▸ Records shown:
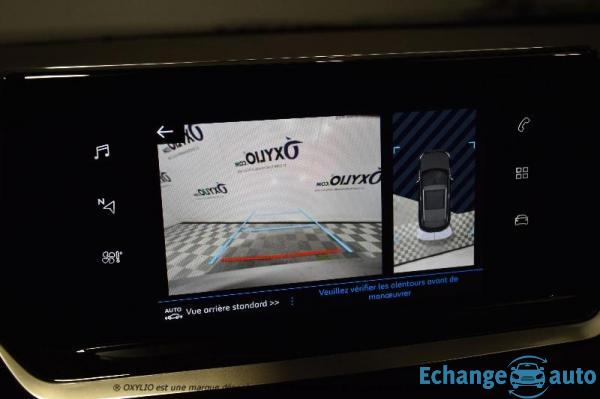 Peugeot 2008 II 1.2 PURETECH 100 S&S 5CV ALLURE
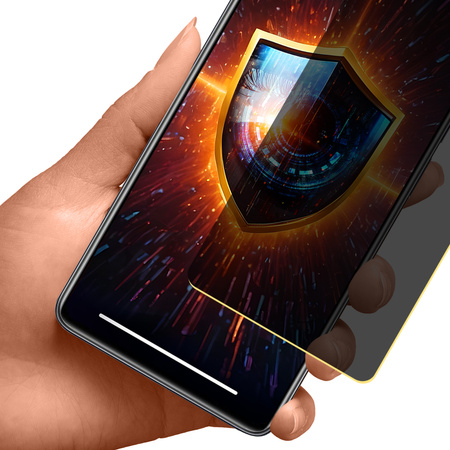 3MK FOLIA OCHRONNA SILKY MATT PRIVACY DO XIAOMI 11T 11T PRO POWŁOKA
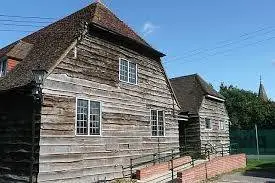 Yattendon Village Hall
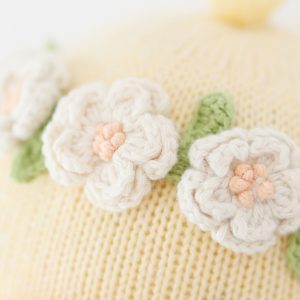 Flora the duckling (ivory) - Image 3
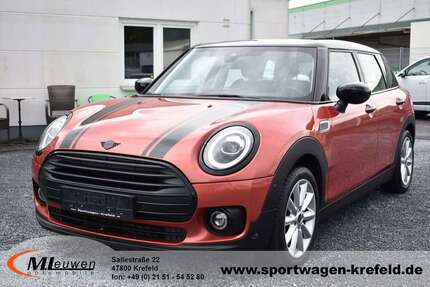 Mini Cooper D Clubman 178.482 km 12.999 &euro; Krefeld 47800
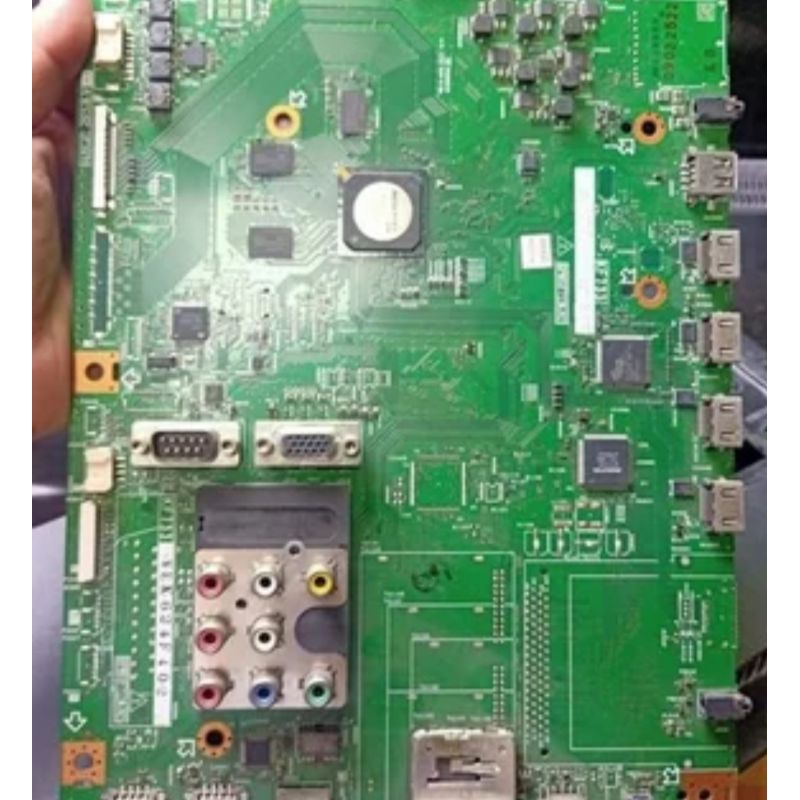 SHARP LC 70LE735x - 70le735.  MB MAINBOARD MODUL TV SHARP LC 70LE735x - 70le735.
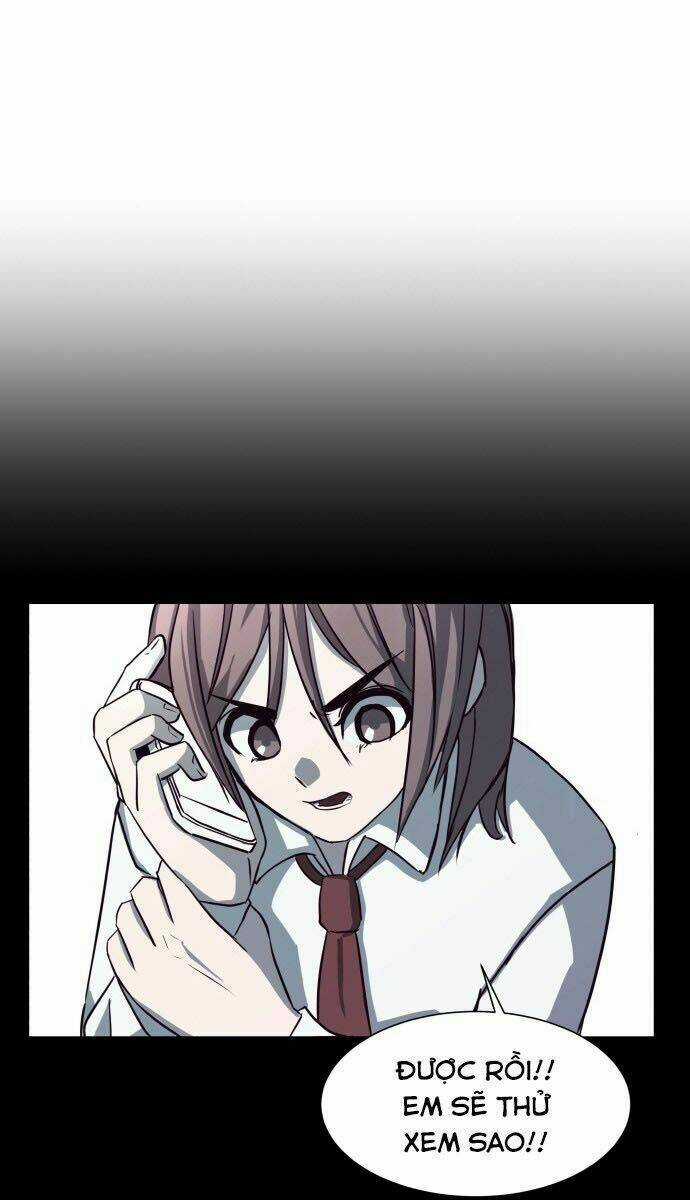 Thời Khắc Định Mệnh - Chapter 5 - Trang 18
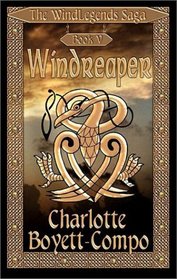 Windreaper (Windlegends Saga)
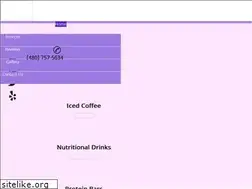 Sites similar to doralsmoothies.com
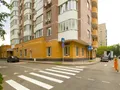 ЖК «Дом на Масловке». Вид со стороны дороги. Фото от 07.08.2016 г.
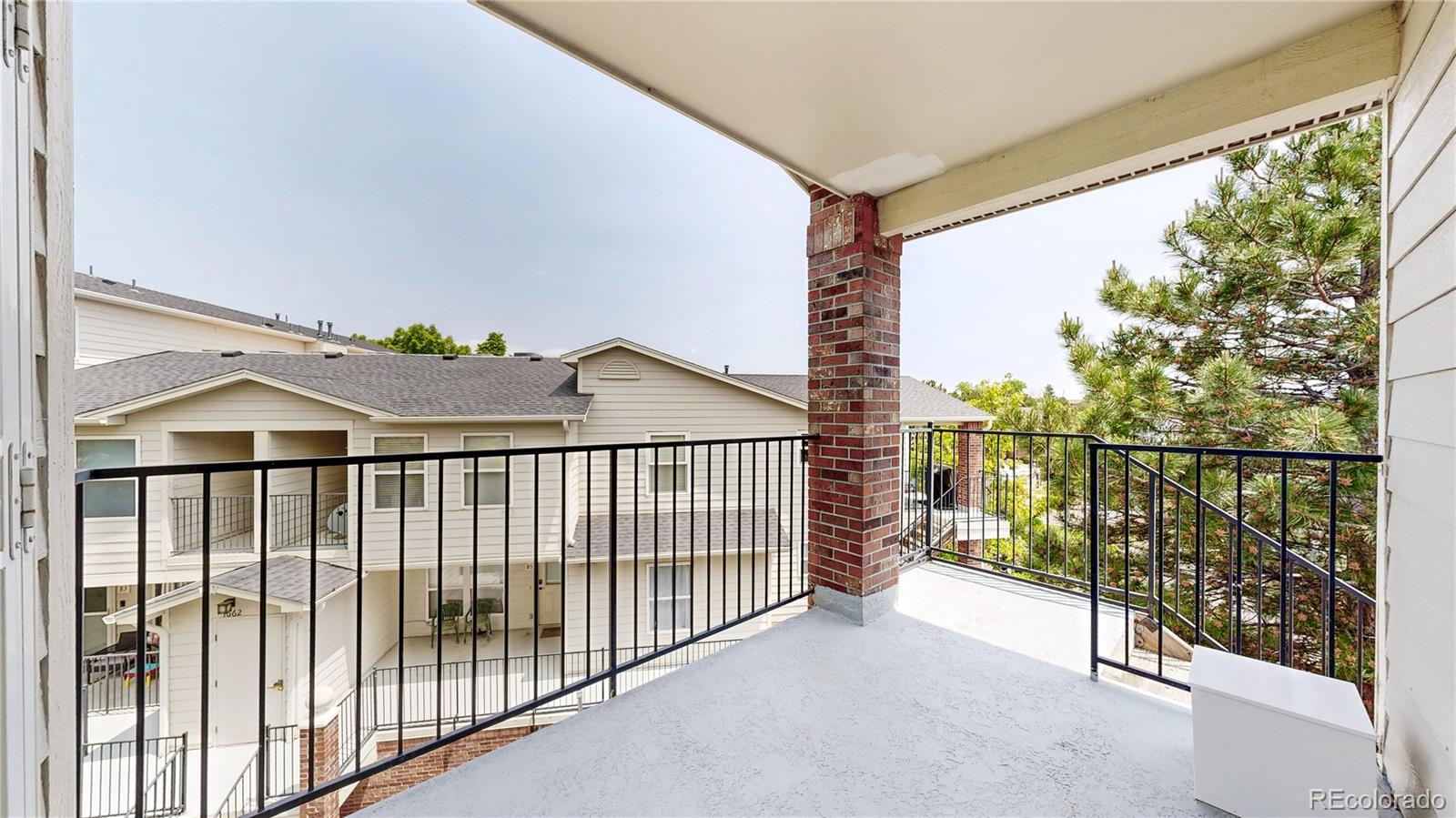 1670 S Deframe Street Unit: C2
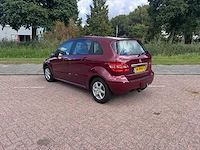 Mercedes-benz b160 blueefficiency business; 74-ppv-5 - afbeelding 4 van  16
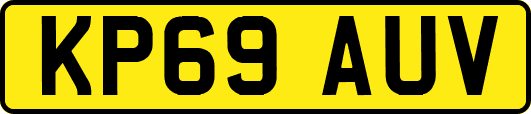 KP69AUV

▸ What is being asked: Leave the pictures out and return each entry exactly.

▸ Exercise output:
 Peugeot 2008 II 1.2 PURETECH 100 S&S 5CV ALLURE
 3MK FOLIA OCHRONNA SILKY MATT PRIVACY DO XIAOMI 11T 11T PRO POWŁOKA
 Yattendon Village Hall
 Flora the duckling (ivory) - Image 3
 Mini Cooper D Clubman 178.482 km 12.999 &euro; Krefeld 47800
 SHARP LC 70LE735x - 70le735.  MB MAINBOARD MODUL TV SHARP LC 70LE735x - 70le735.
 Thời Khắc Định Mệnh - Chapter 5 - Trang 18
 Windreaper (Windlegends Saga)
 Sites similar to doralsmoothies.com
 ЖК «Дом на Масловке». Вид со стороны дороги. Фото от 07.08.2016 г.
 1670 S Deframe Street Unit: C2
 Mercedes-benz b160 blueefficiency business; 74-ppv-5 - afbeelding 4 van  16
 KP69AUV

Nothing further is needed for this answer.